5 Amazing Business Negotiation Approaches for Sure-Shot Success
Any negotiation can be a stressful experience; however, with a bit of negotiation training and practice, everything’s possible. The more important the deal the more stressful it will be. It might seem easier to avoid the negotiation for as long as possible but this simply delays the inevitable. Negotiation does not have to result in one winner and one loser; it is possible that both parties can leave the table happy. The following five hacks will enable you and your opponent to feel happy with any deal:
- No offer is final, however don’t be too pushy when negotiating
A negotiation will often centre on the price of something. This is true whether you are dealing with a customer, supplier or asking for a raise. However, money is not the only item in the negotiation. Anything can be added or taken away from the terms on offer to create an acceptable package to both sides. It is essential to work out all options before a negotiation. If price becomes an issue you will know what else you can offer to sweeten the deal.
- Win-win is always possible
No matter what the negotiation it is always possible for both sides to walk away happy; the most important part of this is flexibility. When starting a negotiation you should be open to any offer and all options. Not only will this make it possible for both sides to ‘win’ the negotiation it will also allow you to see an option you had not considered. Entering the negotiation with a closed mind is almost certain to mean a workable solution is not found.
- Be open and honest
It may seem surprising but being open, fair and honest are the best attributes for securing a deal. People respond to honesty with honesty. In fact, people generally treat others as they are treated. It should be perfectly possible to tell your opponent what you need and why and obtain an honest reply. This will ensure you both obtain what you really need from the negotiation. Being honest and open does not mean that you have to tell your opponent everything. It simply means you do not need to manipulate them into letting you have your own way. If you do this it will go against you in the long term.

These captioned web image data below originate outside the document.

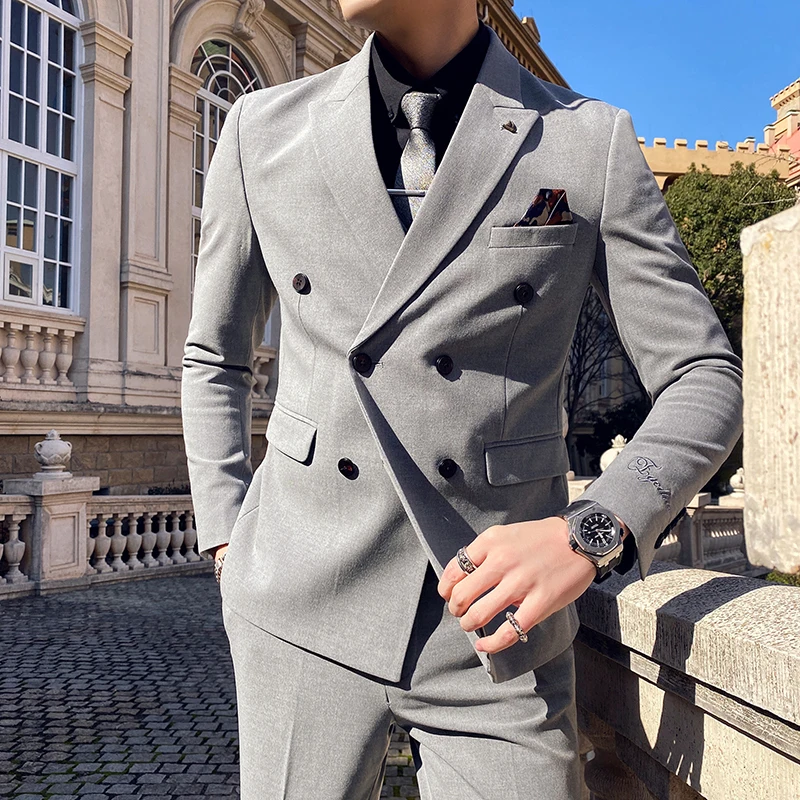 

Men's suit 2 Piece New Solid Wedding Suits Classic Double-Breasted men's business Suit Male Slim Fit men formal suit tuxedo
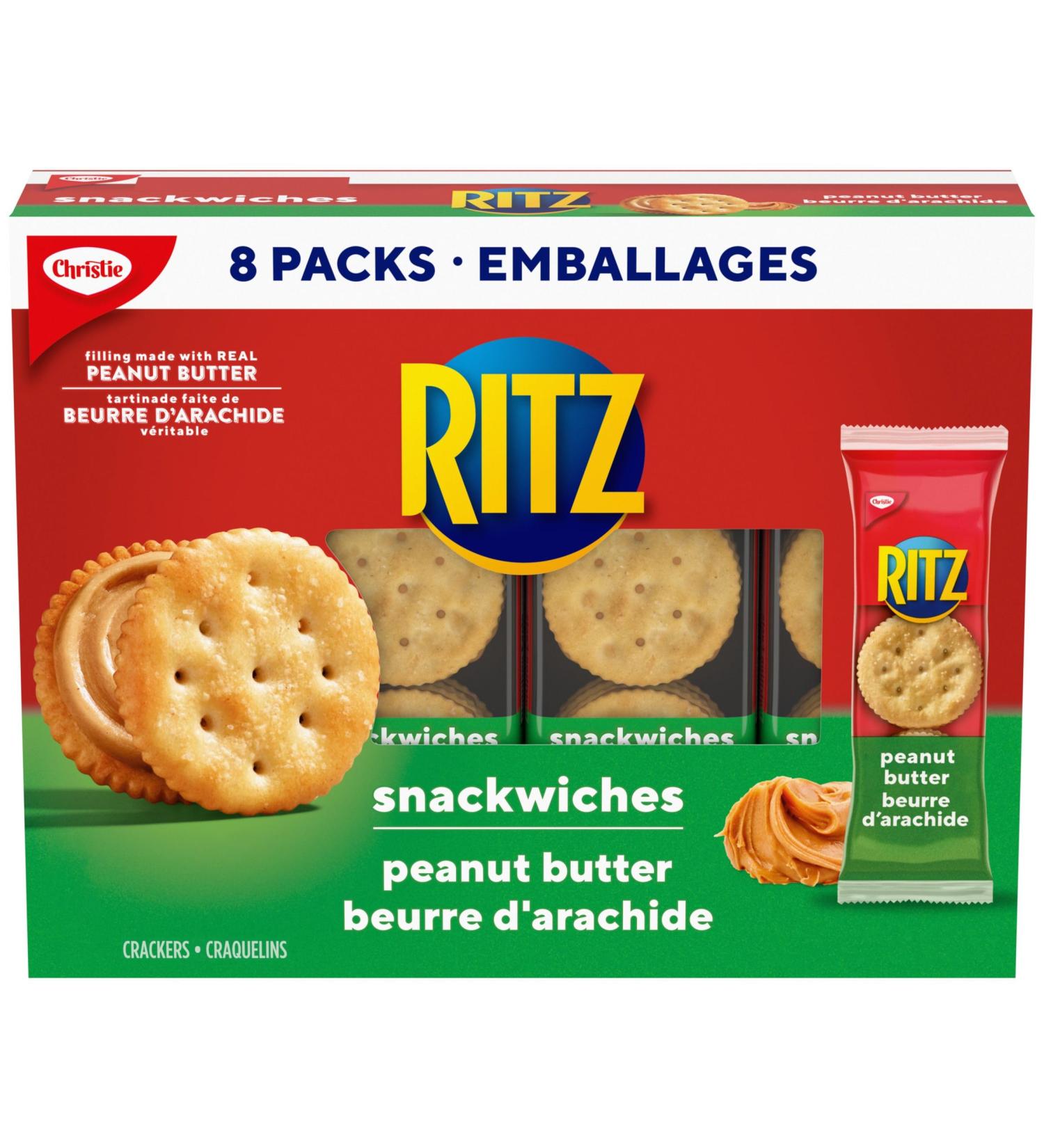 RITZ Peanut Butter Cracker Snackwiches Filling Made With Real Peanut Butter 312 g (Pack of 8) Peanut Butter 312 g (Pack of 1) - Buy Online on GoSupps.com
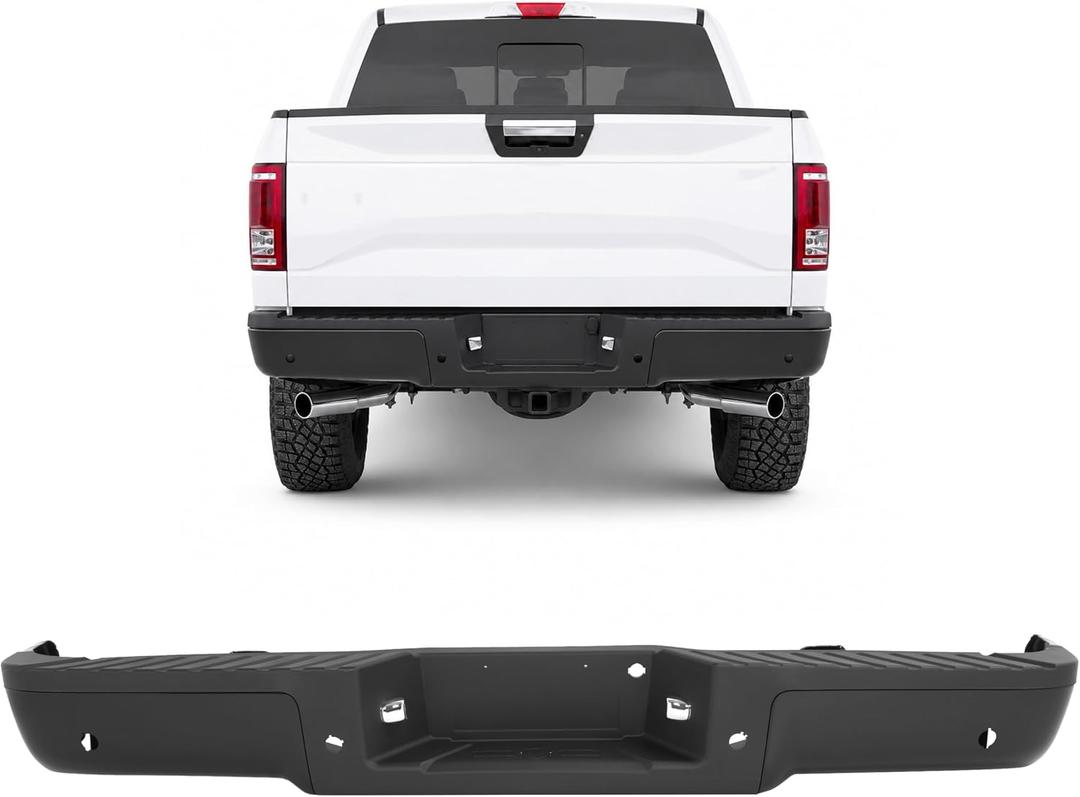 ALMULOO Rear Step Bumper Compatible with 2009-2014 Ford F150 Styleside W/Park Sensor Holes&License Plate Bulbs Replace For FO1103167 Steel+Plastic Powder Coated Black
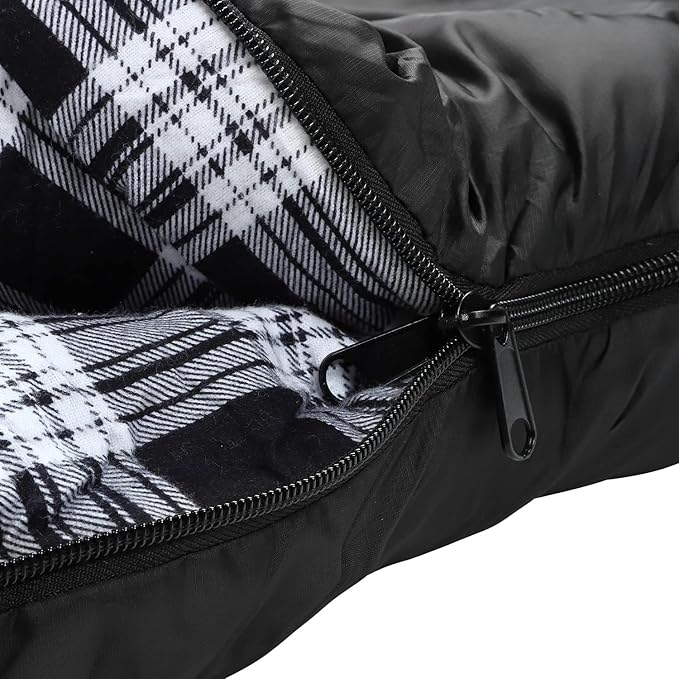 AGEMORE 0 Degree Double Sleeping Bag for Adults, Cotton Flannel Lined 2 Person Queen Size Warm Sleeping Bag for Family Winter Camping or RV Traveling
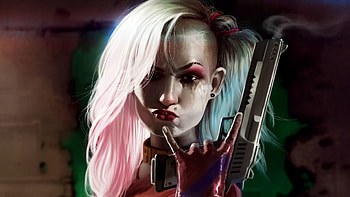 Harley Quinn Cool Gun Art, harley-quinn, artwork, artist, artstation, supervillain, superheroes, digital-art HD wallpaper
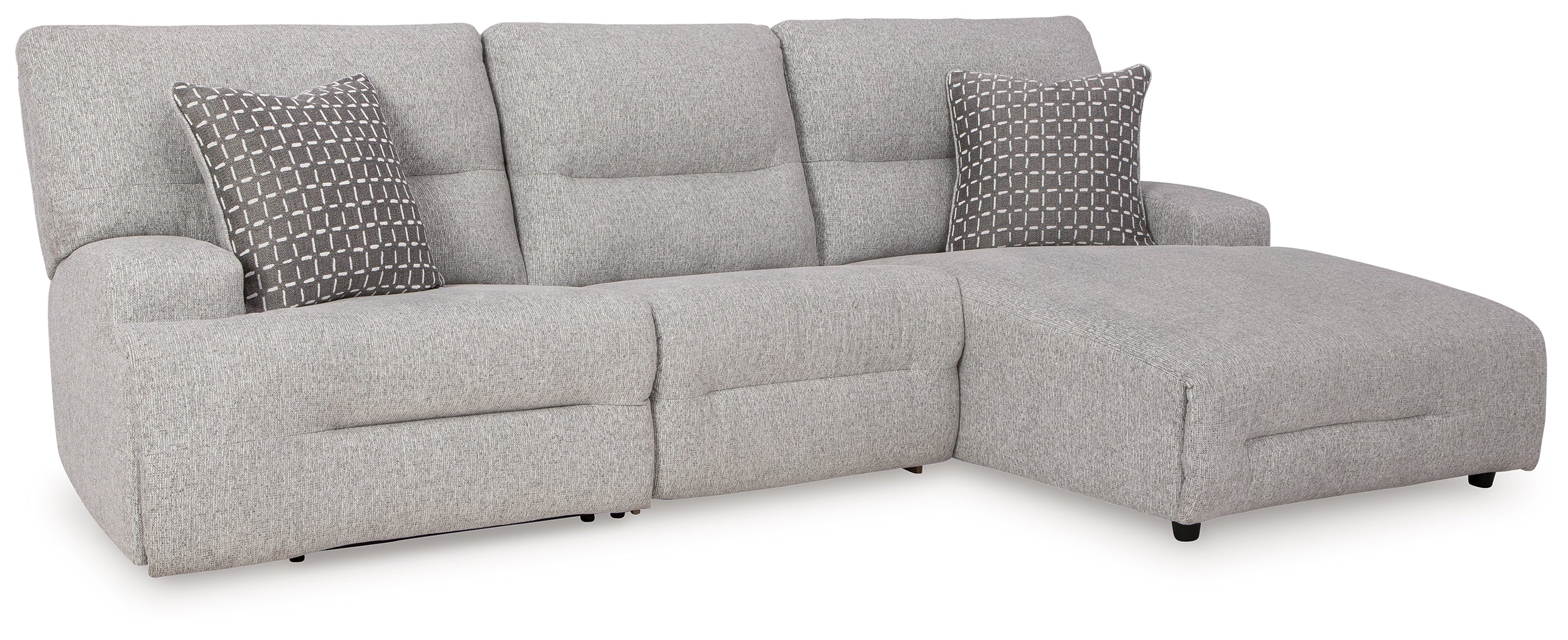 Prime Furniture - Ashley Furniture - Acklen Place Sectional - 3-Piece Power Reclining Sectional / Pewter - 93605S6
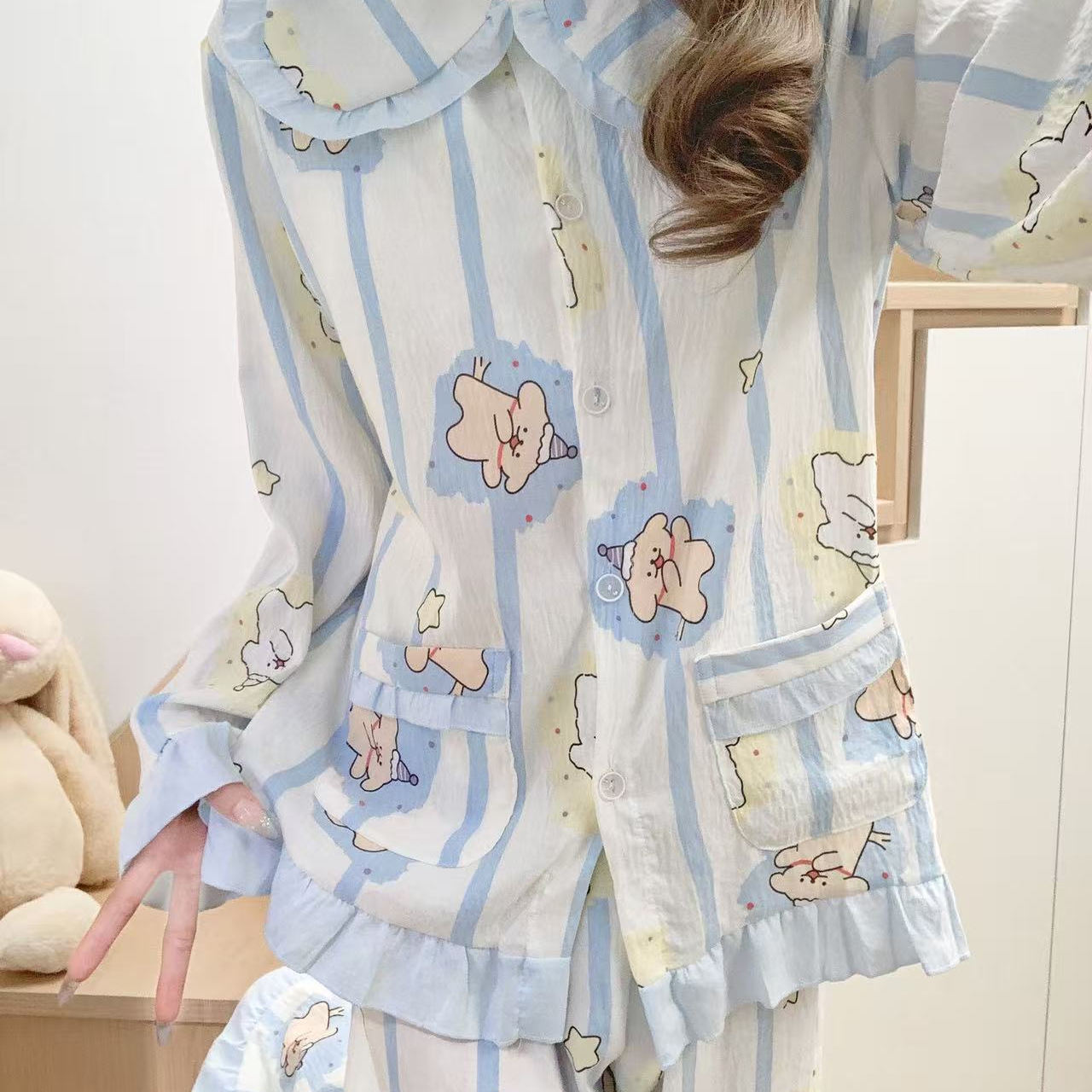 新款线条小狗卡通带胸垫云朵棉甜妹睡衣少女可爱学生宿舍可外穿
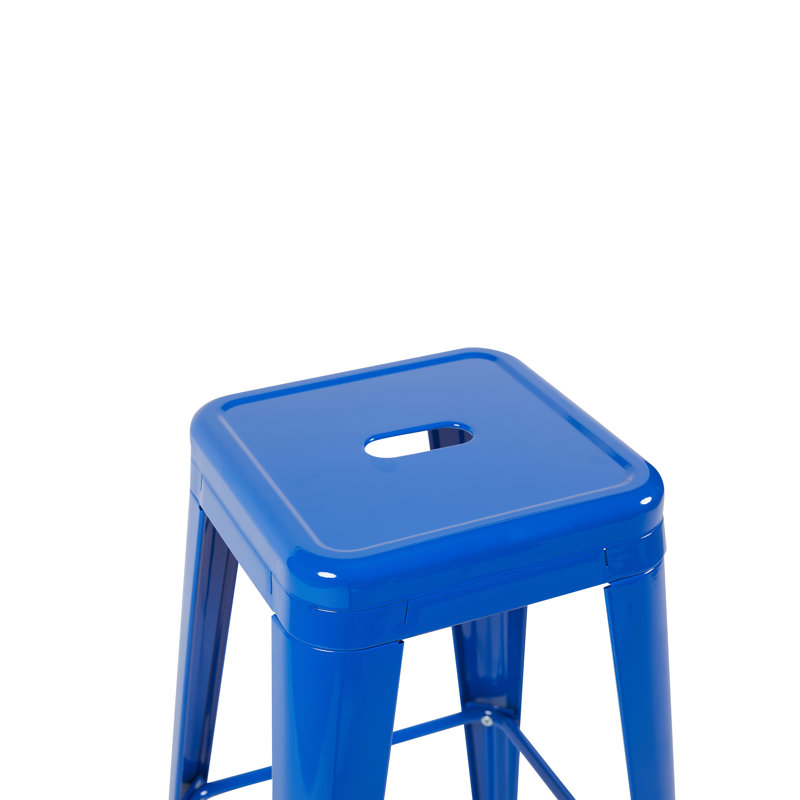  Ensemble de 2 tabourets de comptoir en métal 24 pouces, ensemble de 2 tabourets empilables intérieur / extérieur, Bleu, 2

- Communication matters more than anything else
Negotiation is simply not possible if the two parties are not talking to each other. It is essential to keep all lines of communication open. This will enable both parties to listen and understand what the other party needs. The easiest mistake to make in negotiation is to draw a line under your demands. At that point you have created a challenge and probably a stalemate. This can lead to an impasse when all that was actually required was communication.
Before entering any meeting it is essential to prepare your proposal. You must know what it is that you would like to get from the negotiation. You also need to consider your fallback position and even your worst case scenario – when you are prepared to walk away. A good negotiator will understand their opponent’s argument before the negotiation starts. They will be able to provide potential alternatives and counter arguments. The best negotiators know the value of preparation and are ready for anything. In fact, they already know the likely course and outcome of the meeting as they are prepared for anything.
Landing a great deal is not that difficult, whether you’re a rookie entrepreneur or the most skilled business person. In either case, you must communicate, enter meetings prepared, and state demands. If you want to make the first offer then do it; this will show that you have guts, and that you’re not afraid of getting a “no”. Since this is a negotiation, it’s only natural for all the parties involved to ask for more in order to get exactly what they want.
Communication is not just something that is done inside the meeting room. It can be on the telephone, email or even a face to face meeting. There is no rule which says the negotiation needs to be done in the meeting room; much of the groundwork can be covered before an actual meeting takes place.